• **Available data**:
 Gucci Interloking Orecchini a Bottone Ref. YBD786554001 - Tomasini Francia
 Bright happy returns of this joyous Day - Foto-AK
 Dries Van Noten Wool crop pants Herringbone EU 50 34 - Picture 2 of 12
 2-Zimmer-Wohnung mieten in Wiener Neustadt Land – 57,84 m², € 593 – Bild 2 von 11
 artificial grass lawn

...

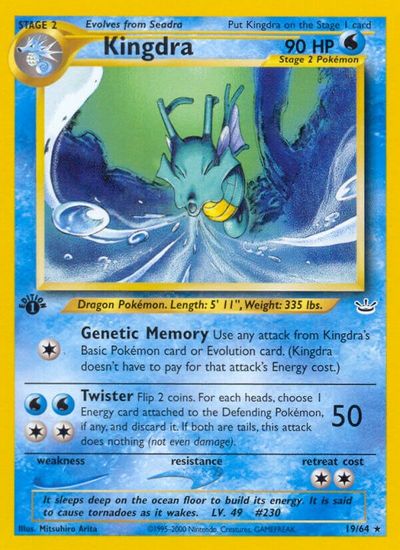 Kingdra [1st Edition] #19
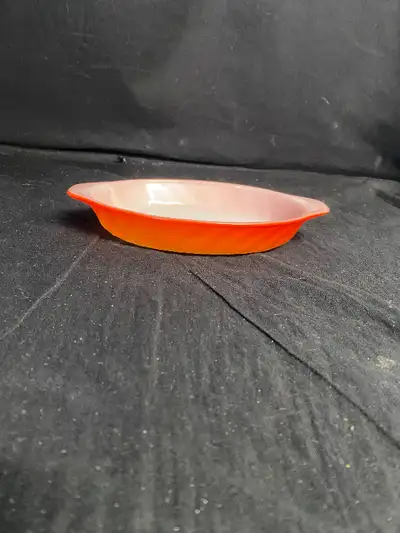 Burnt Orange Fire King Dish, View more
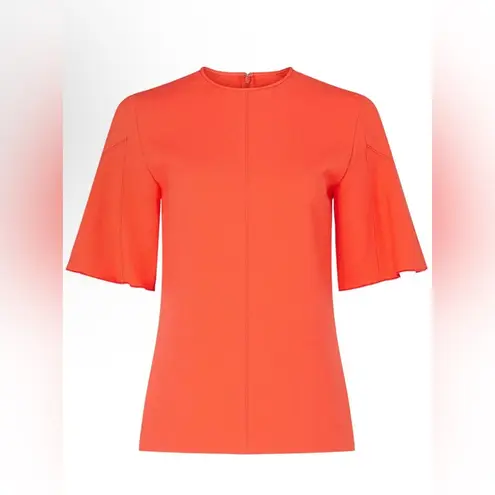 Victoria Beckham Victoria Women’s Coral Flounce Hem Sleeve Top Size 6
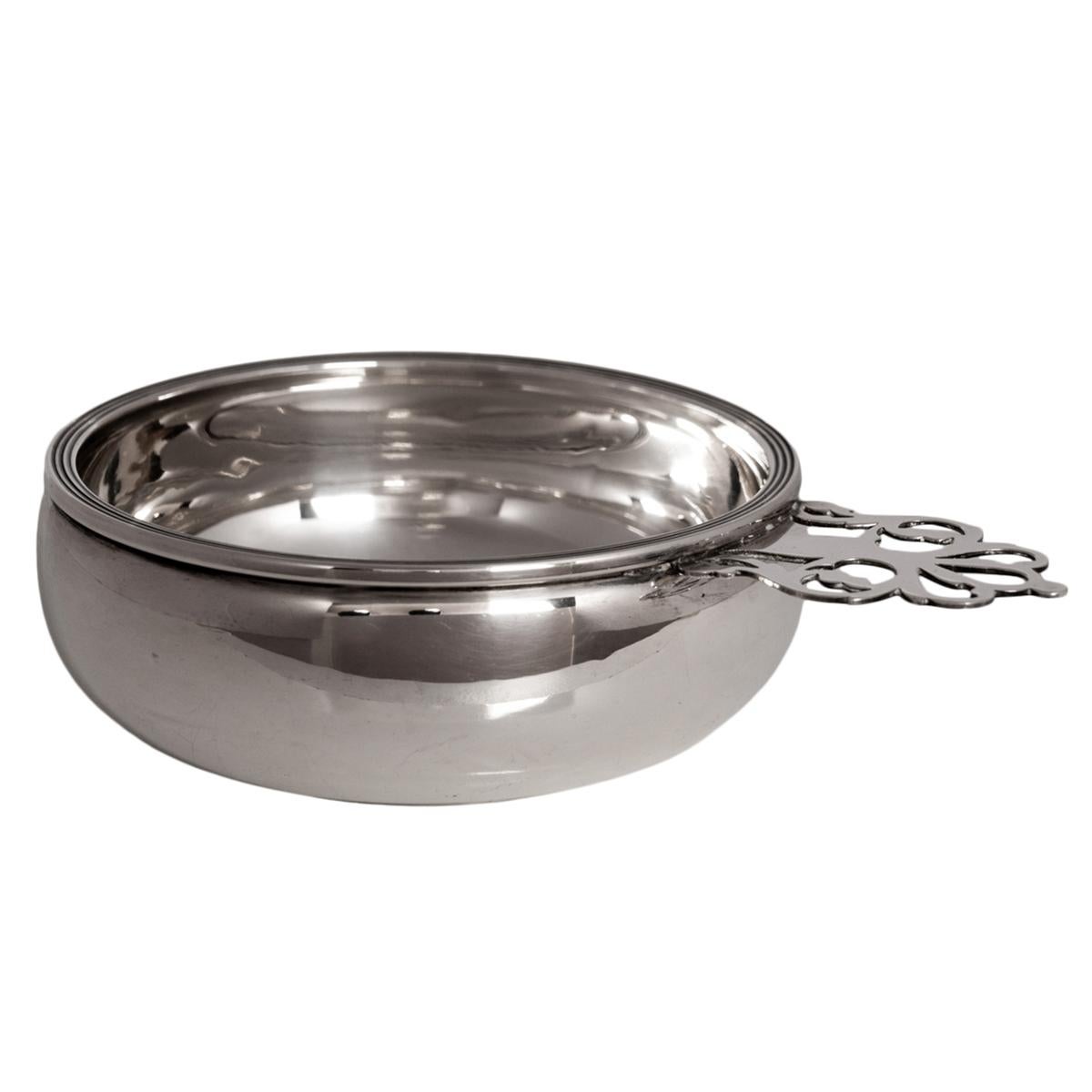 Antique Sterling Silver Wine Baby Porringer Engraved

• **Description of the task**: After locating the line holding "Gucci Interloking Orecchini" above, output exactly that line and every line after it through the line holding "artificial grass lawn". Include nothing else.

• **Solution to this task**:
 Gucci Interloking Orecchini a Bottone Ref. YBD786554001 - Tomasini Francia
 Bright happy returns of this joyous Day - Foto-AK
 Dries Van Noten Wool crop pants Herringbone EU 50 34 - Picture 2 of 12
 2-Zimmer-Wohnung mieten in Wiener Neustadt Land – 57,84 m², € 593 – Bild 2 von 11
 artificial grass lawn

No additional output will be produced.